My mom worries about me. A lot of righteous people worry about a lot of people they love who pursue music. The road takes a toll on everyone. I think, however, the greatest adversary to artists and entrepreneurs and travelers doesn’t lie within the traditional boogeymen of booze, women, drugs, or burnout. I think it’s bitterness. When you do your damnedest to make something important and people don’t appreciate it, it will jade you faster than anything. But you know where that bitterness comes from? Entitlement.
I don’t “deserve” anything. These audiences don’t owe me a thing. Any time someone listens to my song, much less tells me they like it, much less buys it, it’s a blessing. I made a thing and put it out in the world and someone else connected to it. What an insane, mystical, sacred act!
This tour hasn’t been especially good. I’ve been beating myself up about it in my businessman headspace. What can I do to waste fewer nights? How can we build our audience faster? What’s the next step toward getting big? I think though now after some thought that doing art is a lot like building a church. Growth should always be a byproduct and never a goal. If you’re focused on numbers, your focus is in the wrong place. When you’re doing the best you know how to put good into the world, the following will build itself. People are attracted to the authenticity. I realized I’ve been so caught up or in being disappointed that more people don’t care or being obsessed with growing our brand, that I’ve given up being present this week. I’ve probably missed opportunities and conversations I was supposed to have, fuming from behind the lip of a consolation pint glass.
I said a lot of this on stage tonight. I stopped for an eternity between songs to tell those eight people that I was so glad I could be there tonight because I believed I was in the process of learning something very important. And when I finished my show, one of those eight people came up to me. He didn’t say, “Great songs, man,” or “Beautiful voice!” He said, “I think you said some things tonight that I needed to hear.”

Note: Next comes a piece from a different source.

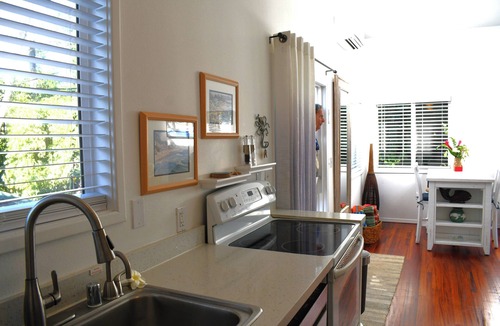 Waialee Apartment | Pristine Haleiwa North Shore Beachside Retreat-30 night minimum!
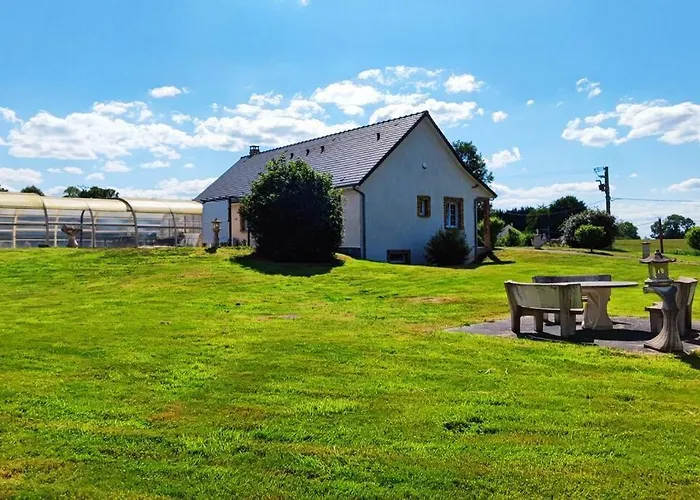 Au Calme, Piscine Couverte Chauffee 365j Σπίτι διακοπών *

I thanked Sal on stage and I thanked the talent buyer and I thanked Jess in front of a bunch of people who didn’t know her. I put my five dollar tip in my pocket and went to get tacos with Sal. I tried to encourage him in his young craft, because he’s got a pure heart and a good mind for songs and I believe in him and I wanted him to know it. I also told him that art is like ministry: if you can be fulfilled doing literally anything else, run after that other thing. But if you feel in your bones that this is what you’re on earth to do, do it doggedly. And in the words of Sylvia Plath, “Don’t let the wicked city get you down.”
I drove an hour back to where I was staying and called my mom to enthuse about how the Holy Spirit is weird and crazy and teaches us in awesome times in weird ways. Then I wrote all this down before I could forget it. I’m hesitant to say tonight was life changing because I know life works in cycles, and I’m prone to forget these lessons, and God always gently reminds me with a voice eternally devoid of sarcasm. I just know that I got realigned because of a long series of not-coincidences, and for as long as I have this clarity, I’m through trying to be cool. I just want to be good.